* Aim of the exercise
Would you retype exactly the lines below, starting with the one that has "1-7mm-Panzerkette-aus-333-Weißgold-42cm" and going on through the one that has "Peach Swaddle Set", with no pictures and nothing else?

* Data for analysis

━━━━━━━━━━━━━━━━━━━━━━━━━━━━━━

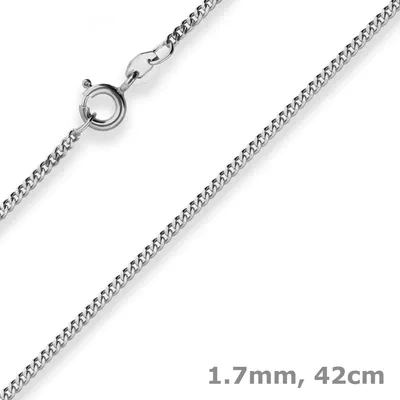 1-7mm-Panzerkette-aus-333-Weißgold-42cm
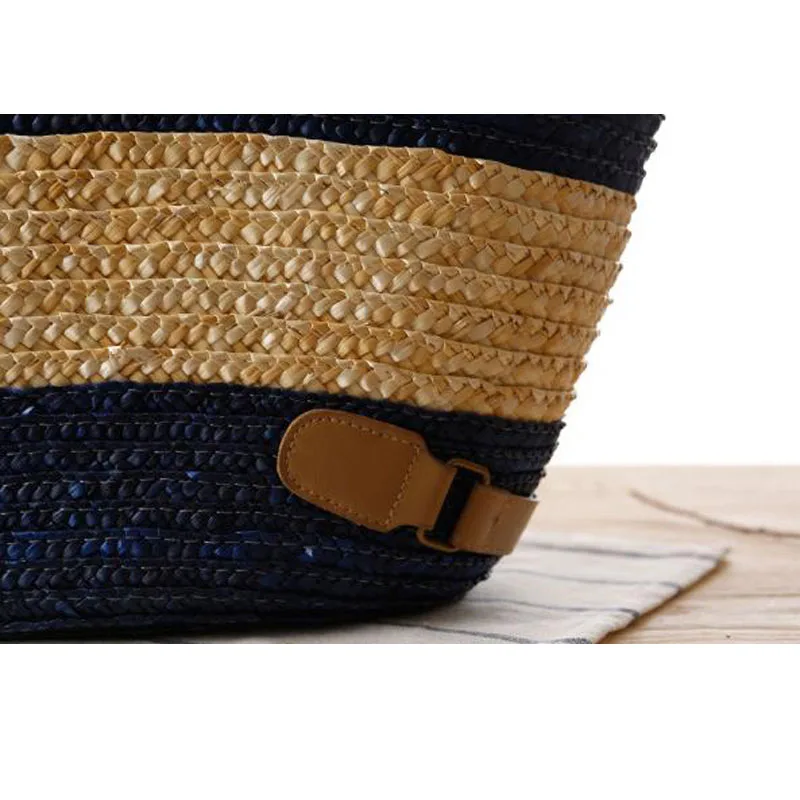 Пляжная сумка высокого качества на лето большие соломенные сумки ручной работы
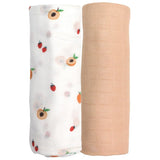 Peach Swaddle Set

━━━━━━━━━━━━━━━━━━━━━━━━━━━━━━

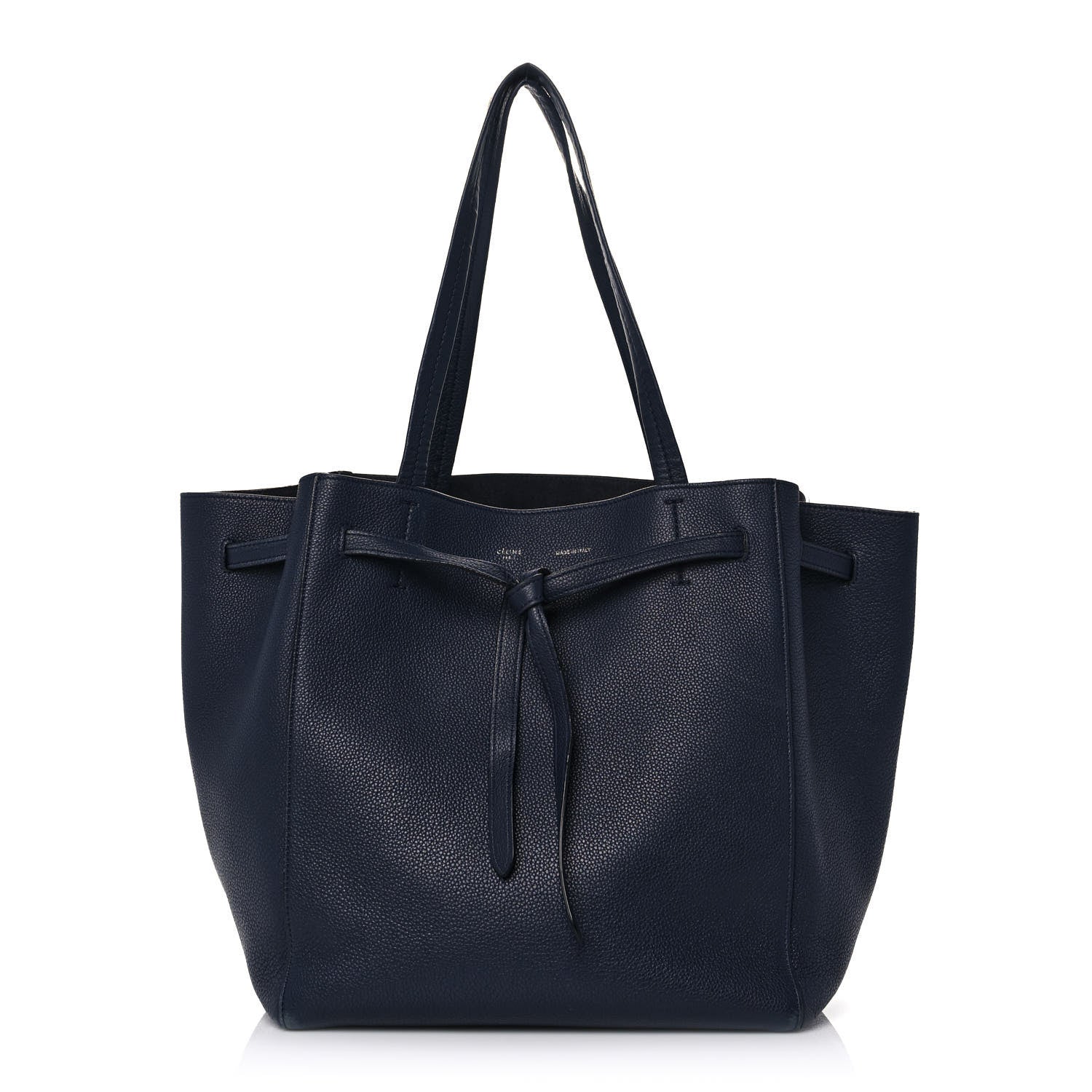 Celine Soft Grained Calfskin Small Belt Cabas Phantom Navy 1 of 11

━━━━━━━━━━━━━━━━━━━━━━━━━━━━━━

* Finished task
 1-7mm-Panzerkette-aus-333-Weißgold-42cm
 Пляжная сумка высокого качества на лето большие соломенные сумки ручной работы
 Peach Swaddle Set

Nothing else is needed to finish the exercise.